I think those sorts of environments, those artificial landscapes, are very significant. The landscape in the World Park includes famous sights from all over the world. They're not real, but still they can satisfy people's longing for the world. They reflect the very strong curiosity of people in this country, and the interest they have in becoming a part of international culture. At the same time, this is a very strange way to fulfil these demands.--Jia Zhang-ke (1)

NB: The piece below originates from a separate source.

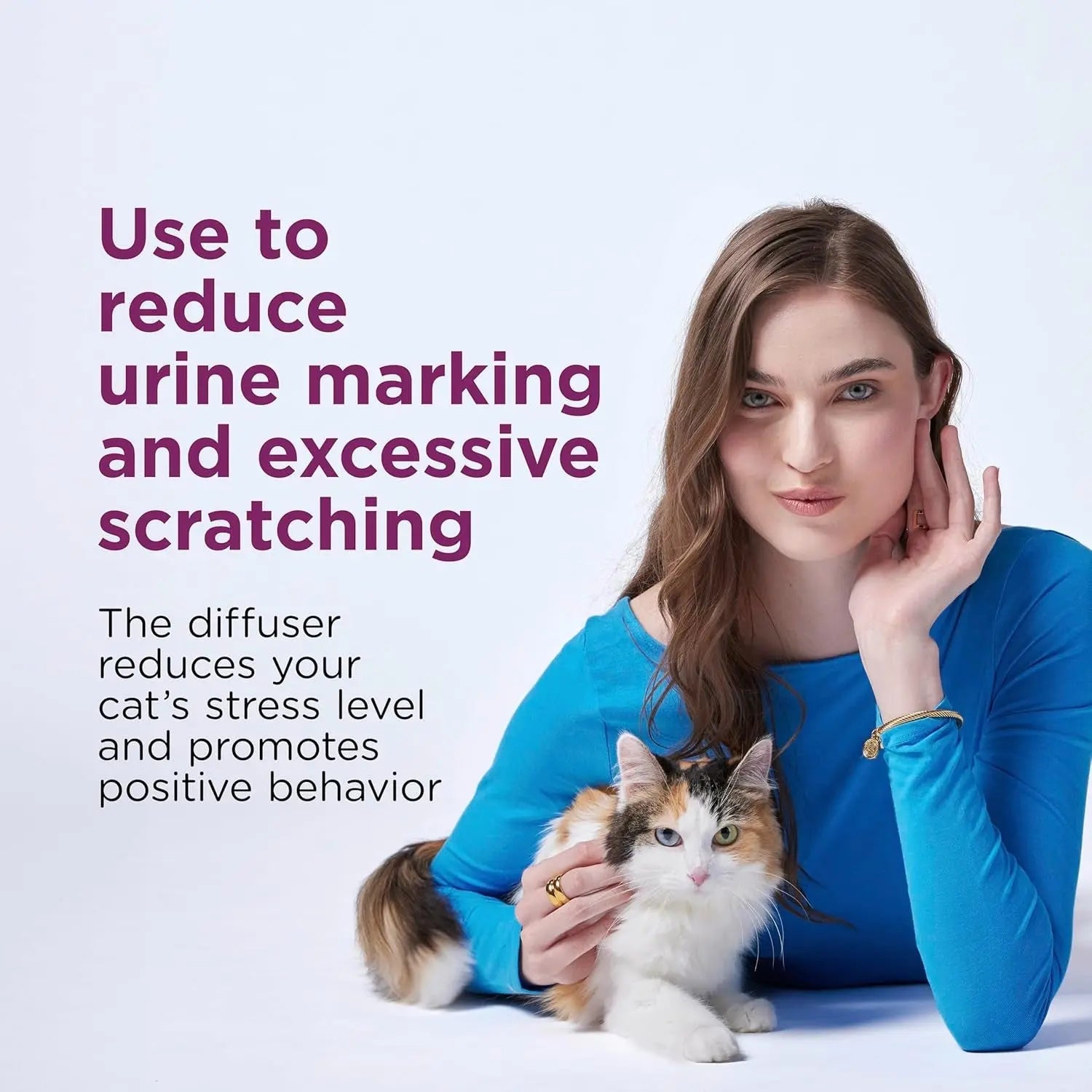 Cat Calming Diffuser Value Kit – 3 Plug-Ins & 6 Refills for Anxiety Relief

Jia Zhang-ke's evocative description of Beijing's World Park serves well, perhaps too much so, as both a summing-up of the central preoccupations of his most recent and most accessible film, The World, and the overriding experience of such an event as the 2005 Melbourne International Film Festival (MIFF). The curiosity that the people of Beijing--and China--feel for the world in Jia's film, while never quite being able to truly venture out into it, seems eerily similar to that which might motivate audiences to visit and binge on such a simulated smorgasbord of globalized 'unknown pleasures' at cornucopian festivals like MIFF.

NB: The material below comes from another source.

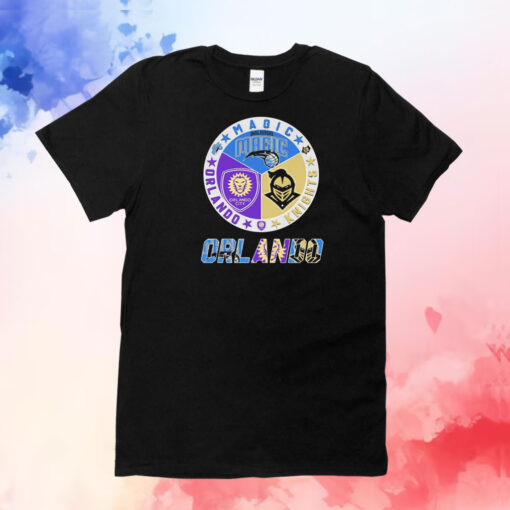 Orlando Orlando Magic Knights logo T-Shirt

This comparison is both apt and, of course, somewhat disingenuous. Many of the films that feature on the international film festival circuit are genuine products of their national cultures, even reflections of the complicated and circumscribed nature of such identities in a globalized world. It is also true that The World, Jia's first film to deal with the modern, somewhat dystopic urban milieu dominating contemporary Chinese experience, is about such seemingly contradictory feelings of solitariness and inclusiveness, global culture and the endlessly localized ways of living it. The characters in The World wander through the World Park as both a miniaturized simulacra of the 'earth's greatest hits'--or the great human-made edifices anyway--and as constant reminder of all that they don't, and perhaps cannot, experience. A droll comment by one character about the superiority of this version of the world--it still has its Twin Towers--pinpoints both what is comforting and most disturbing about it. Jia's extraordinary fluid rendering of this environment contributes significantly to this somewhat schizophrenic response; at times one almost perceives that we are indeed in Paris, Rome, etc., at others the combinatory, miniaturized and diluted nature of this nightmare of urban design is all too apparent.

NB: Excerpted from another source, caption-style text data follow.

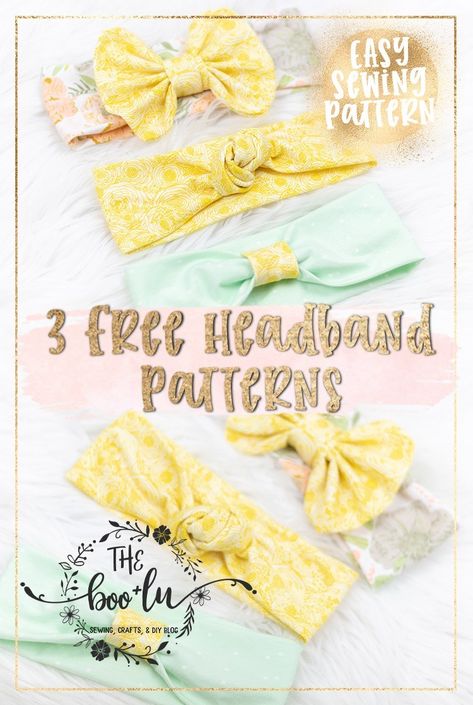 3 Free Headband Patterns for baby, toddler, and child. Free bow, knot, and simple headband. Easy and fast diy Christmas or baby shower gift idea. Free Headband Patterns, Diy Baby Bows Headbands, Diy Baby Bows, Diy Baby Headbands, Baby Shower Gift Idea, Child Free, Simple Headbands, Headband Tutorial, Diy Baby Gifts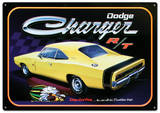 Dodge Charger R/T Car Plaque en métal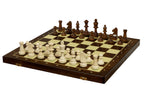Brown Chess Set with 35 Artistic Pieces and 1.97" Squares Silkscreen Board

The World also has much to say about the place of China in the contemporary world as both a kind of epicentre and as always one step removed, part of the grid of globalized communications but not quite able to clearly register the distinction between direct and mediated experience, the brighter possibilities of consumer culture and the bleaker realities of day-to-day existence which have not yet caught up with the 'logic' and sterilized comforts of global consumer culture, or the World Park. The Chinese characters in Jia's film--there are also visitors from Russia and elsewhere, but most arrive from the provinces and hinterlands outside the city--are both 'worldly' and endlessly solipsistic, tripped up by the sights and sounds offered by this global theme park. As global tourism becomes one of the key 'states' of modern existence, it also becomes all the more difficult to determine whether one is truly 'in' or 'outside' of the world. This is the key dilemma that Jia's characters face: Do new media technologies and the facades of the World Park inculcate them into or distance them from the modern world? Are they in fact the embodiment of this world or a rather tawdry copy? A sadness often creeps into the film as characters try to connect physically or try to articulate their place in the world; the ubiquitous mobile phone acting as both a strong symbol of interconnection and isolation. All of these contradictory and uncertain states provide a useful analogy for the experience of MIFF itself. Both a communal and somewhat solipsistic experience, the links between films are often inexact, the spectator struggling to make sense of the co-existence or equivalence of the works on offer, the deeper qualities of one film against the wider banalities of another (the Taiwanese/ Chinese art films versus the bulk of featured Asian genre films, for example).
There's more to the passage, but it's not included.